After 1,440 minutes, 370 laps, over 5,000 kilometres and 33 pit stops, Toyota's number seven car avoided the misfortune that had ruined its chances in 2017, 2019 and last year to at last take the chequered flag at the end of motorsport's mythic endurance test.

In a neat touch Nakajima pitted behind Kobayashi in the leading car shortly before the finish to ensure they passed the line virtually in tandem, albeit with two laps separating them in the classification.

In third, four laps adrift, came the elite Hypercar category rival Alpine of Andre Negrao, Nicolas Lapierre and Matthieu Vaxiviere.

The two entries from US film director Jim Glickenhaus, at 71 supervising events from the pits in a stetson, completed the top five.

Slippery when wet

In a break from tradition organisers allowed the drivers three formation laps to adapt to conditions, rendered treacherous by heavy rain shortly before Ferrari chairman John Elkann delivered the time-honoured instruction to the intrepid drivers to "Start your engines".

Soggy start for the Le Mans grid on Saturday
Soggy start for the Le Mans grid on Saturday JEAN-FRANCOIS MONIER AFP

Mike Conway was behind the wheel of Toyota's number seven car at the start and despite a puncture, he carved out a 1min 13sec lead before handing the wheel to Kobayashi.

Buemi started from second on the grid but was involved in a collision with a rival Glickenhaus during the opening lap before the two Toyotas settled into a comfortable 1-2.

During the night, with windscreen wipers mercifully unemployed as the rain stayed away, Toyota's number seven car remained in control, apart from one heart stopping moment when Kobayashi went off track, with the sister car briefly hitting the front before normal service was resumed.

As dawn broke, their advantage grew to around three minutes when, with Buemi at the wheel, the number eight car slowed to a halt with refuelling trouble.

Crowds came back

After a reset Buemi was back up and running, albeit a lap behind.

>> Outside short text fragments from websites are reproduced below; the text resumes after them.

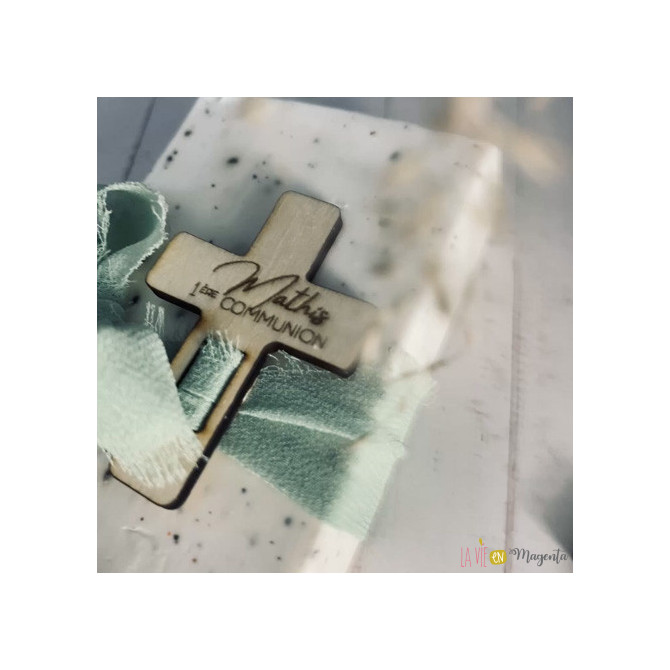 Souvenir communion - Savon croix bois
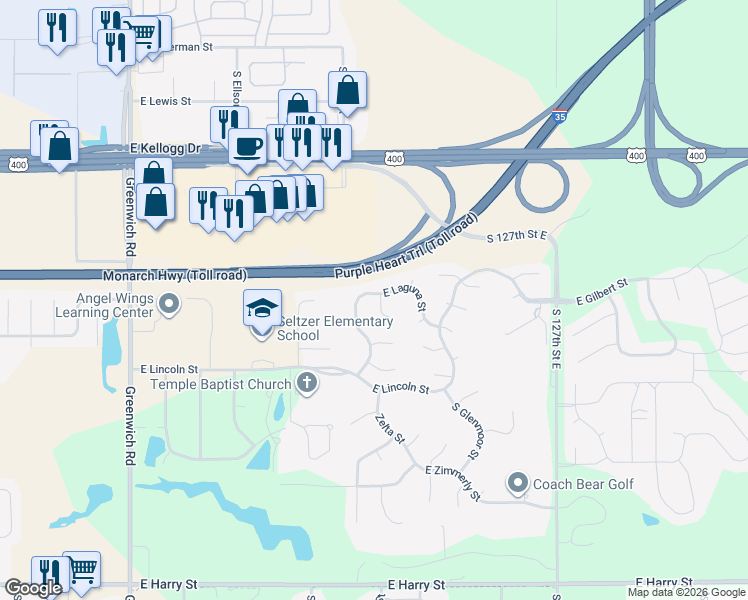 map of restaurants, bars, coffee shops, grocery stores, and more near 12005 East Laguna Court in Wichita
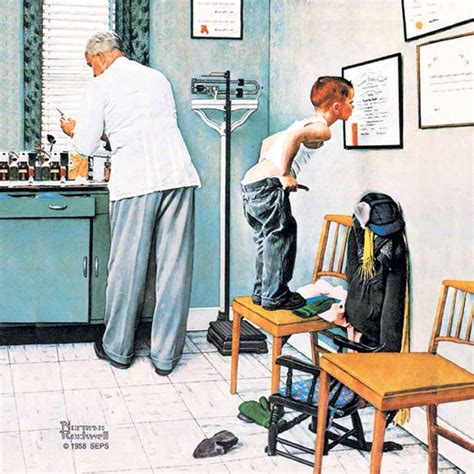 Norman Rockwell Famous Artwork Cleaning Cloth Before The Shot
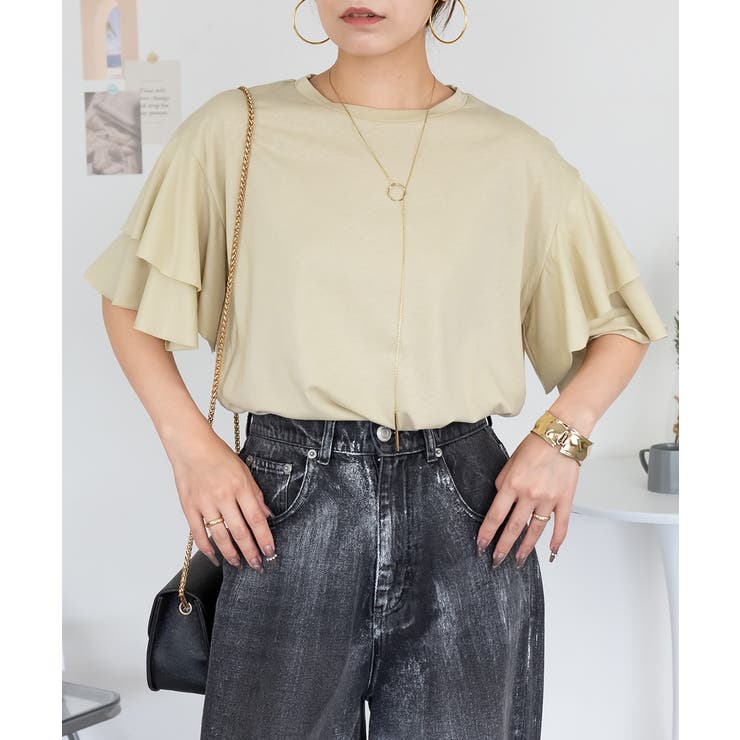 ベージュ | aity アイティ コットンフレア袖 | Fashion Letter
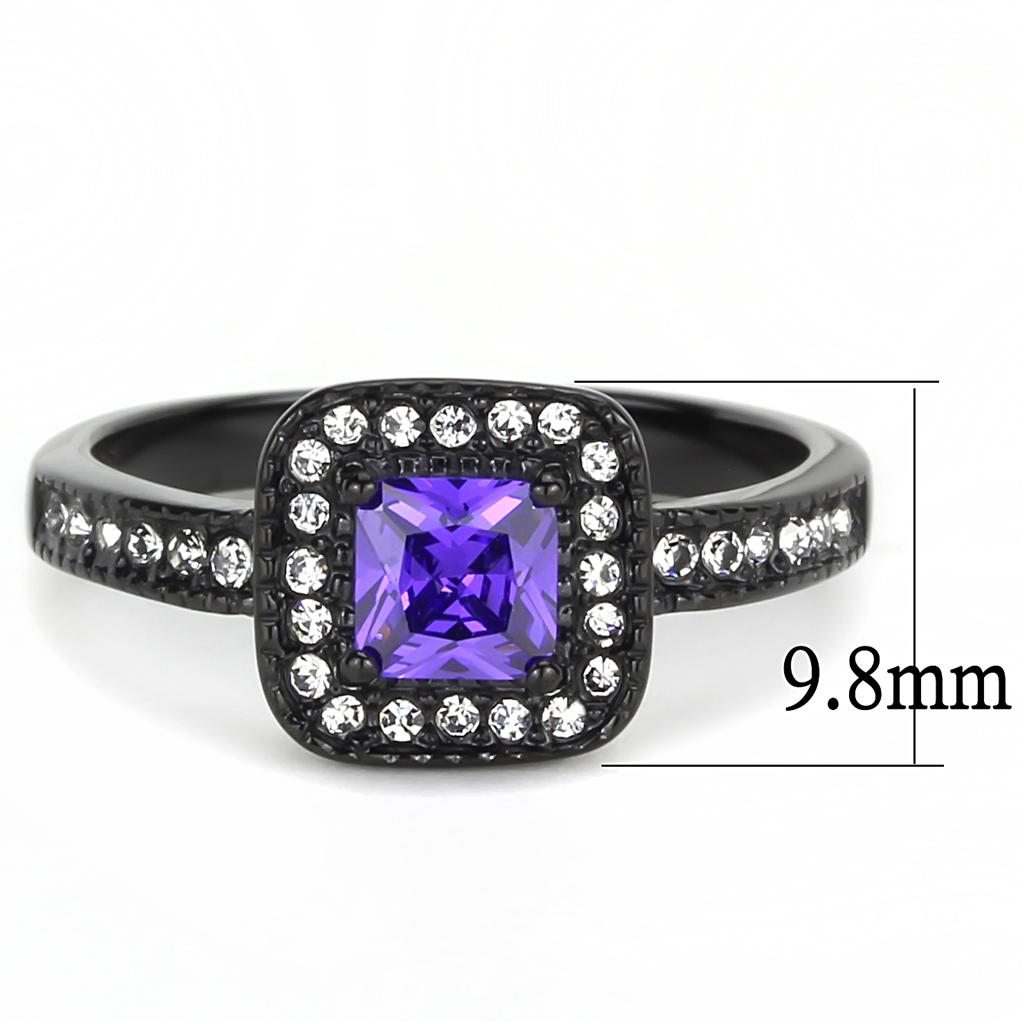 MATK3450 - IP Black(Ion Plating) Stainless Steel Ring with AAA Grade CZ  in Tanzanite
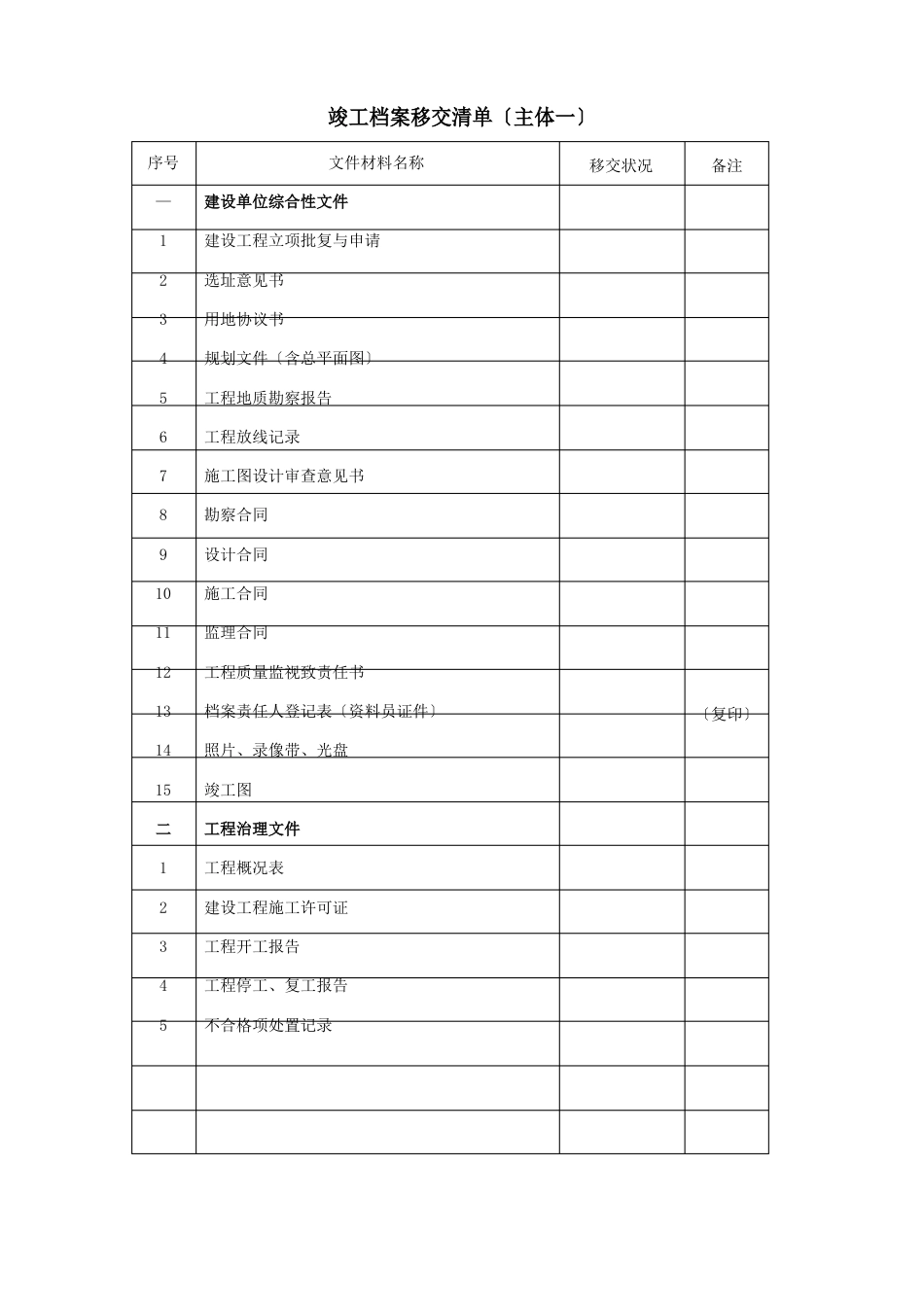 竣工档案移交清单_第1页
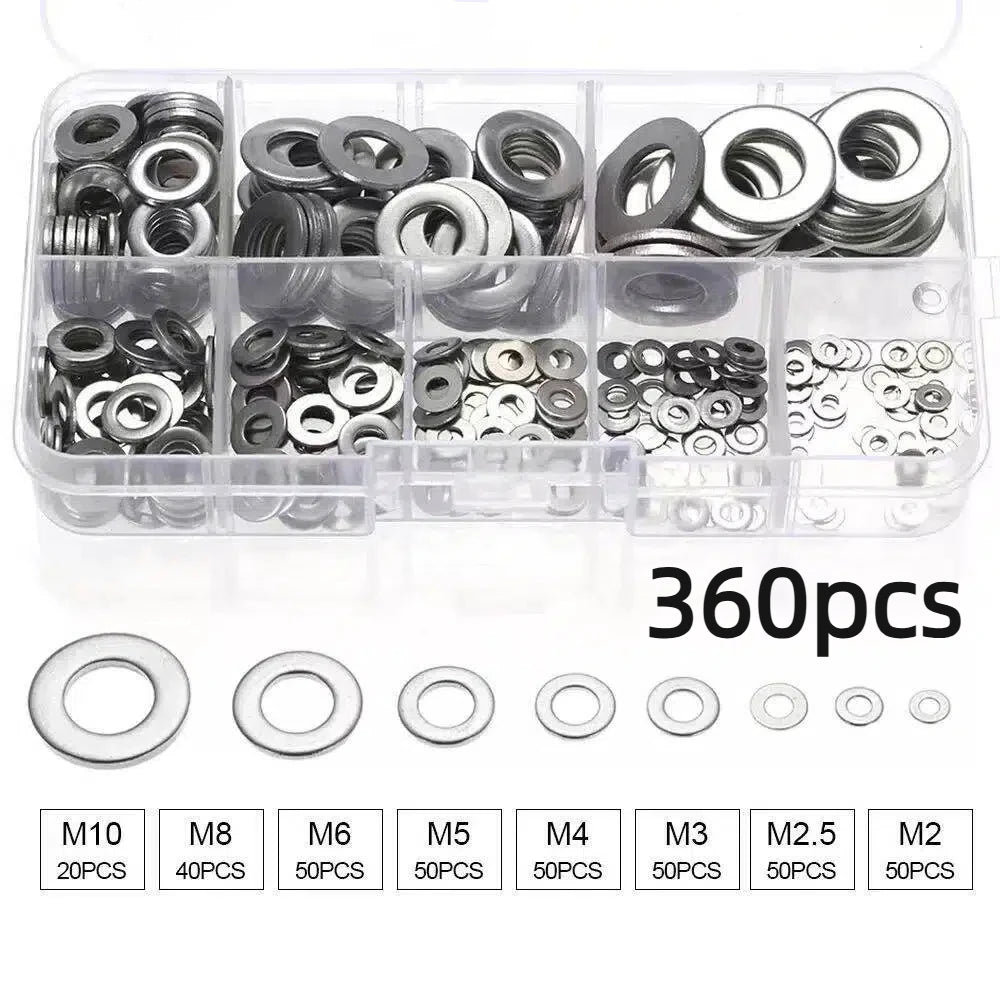 Ensemble de rondelles plates en acier inoxydable 360/580 pièces 304, parfait pour la décoration intérieure, la réparation d'usine, les cuisines, les magasins et plus encore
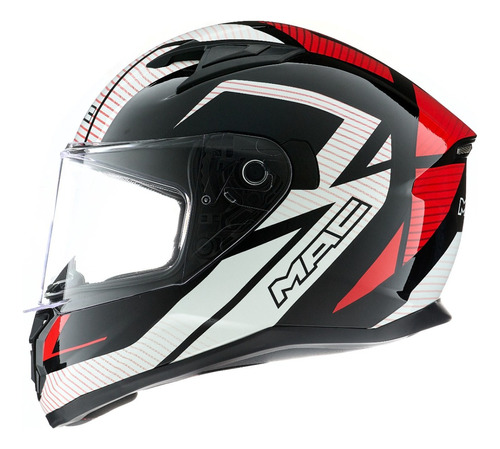 Casco Mac Integral Speed Suzuka Ne Bco Rojo Brillo Ybr Dompa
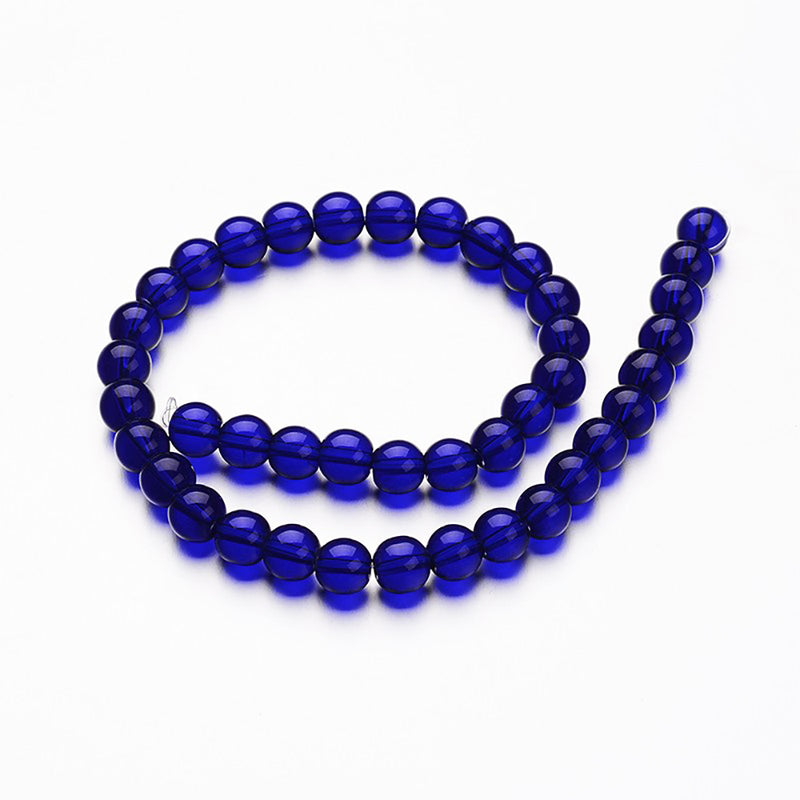 Perles de Verre Rondes 6mm - Bleu Foncé - 1 Rang 50 Perles - BD1094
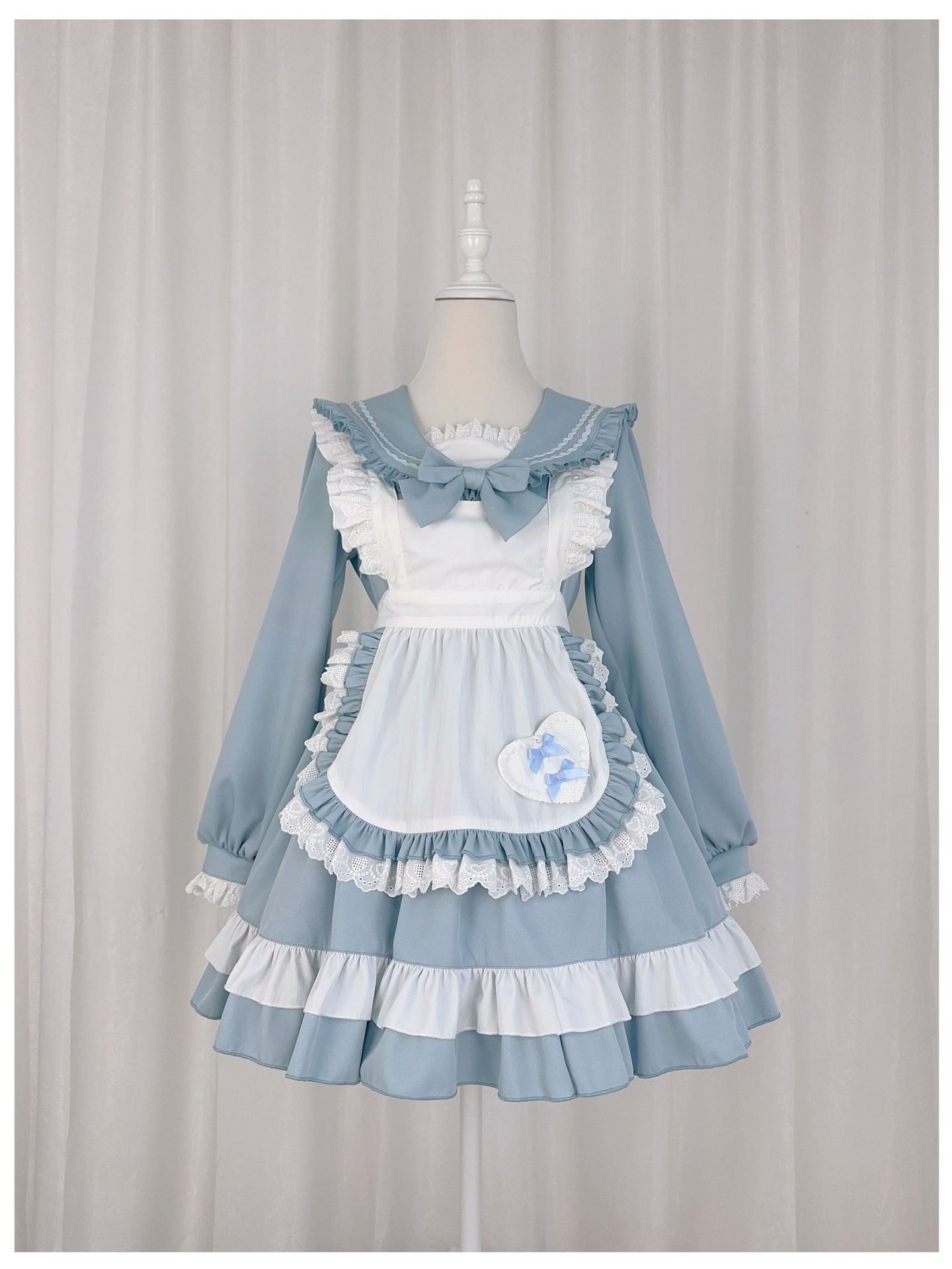 Sweet Lolita Navy Pink Japanese Cute Sailor Suit Apron Suit Collar Long-sleeved Dress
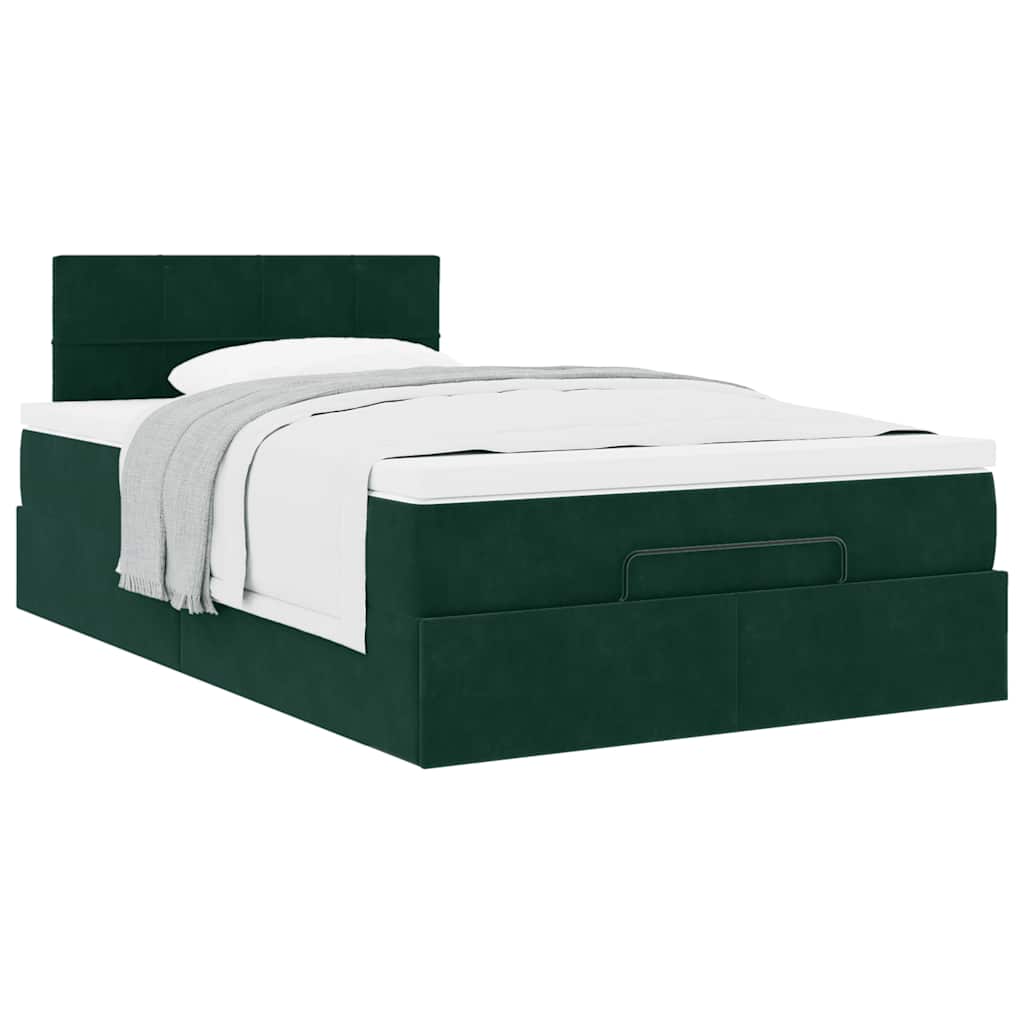 osmannisk sengeramme med madras 120x200 cm fløjl mørkegrøn
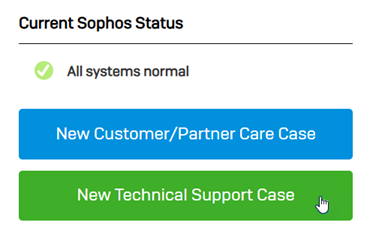 Pulsante Nuovo caso di Supporto tecnico nella pagina del Supporto.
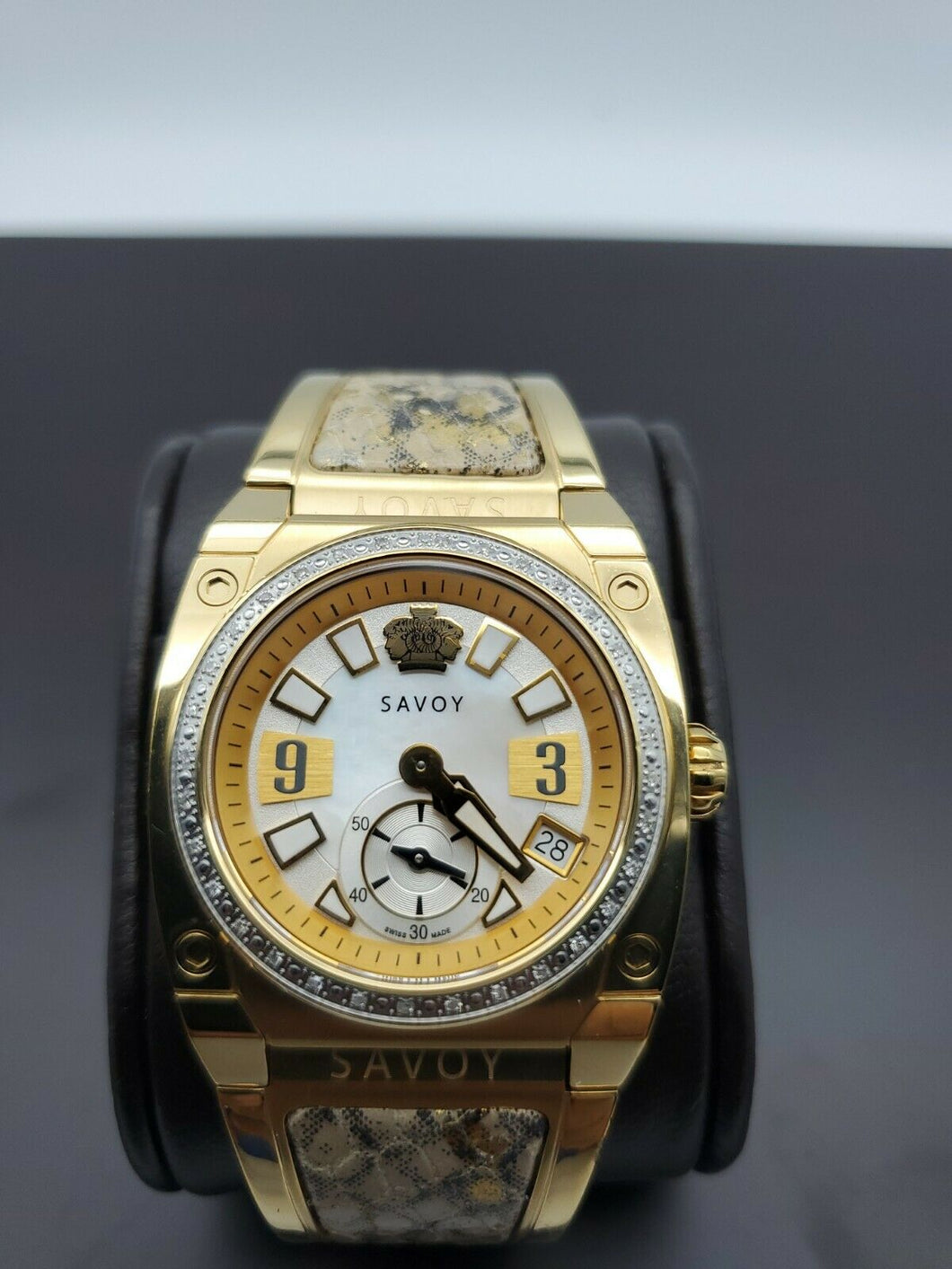 NEW SAVOY ICON  STAINLESS GOLD 35MM LADIES WATCH DIAMOND DIAL MSRP $1400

Conway handed over to Kobayashi for the closing hour and with the car running sweetly the team finally got to etch their names on the iconic race's list of winners.

The stands and campsites were occupied again after last year's Le Mans was held behind closed doors, coronavirus restrictions keeping the traditional crowd numbering 250,000 at home.

With capacity capped at 20 percent the 50,000 die-hard fans burning the midnight oil were treated to another demonstration of Toyota dominance as Le Mans ushered in the Hypercar era.

The new elite category prototype has found favour with Audi, Porsche and Ferrari, who are due to make their Hypercar entrance in the next two years, assuring a new "golden age" of Le Mans according to the event's director Pierre Fillon.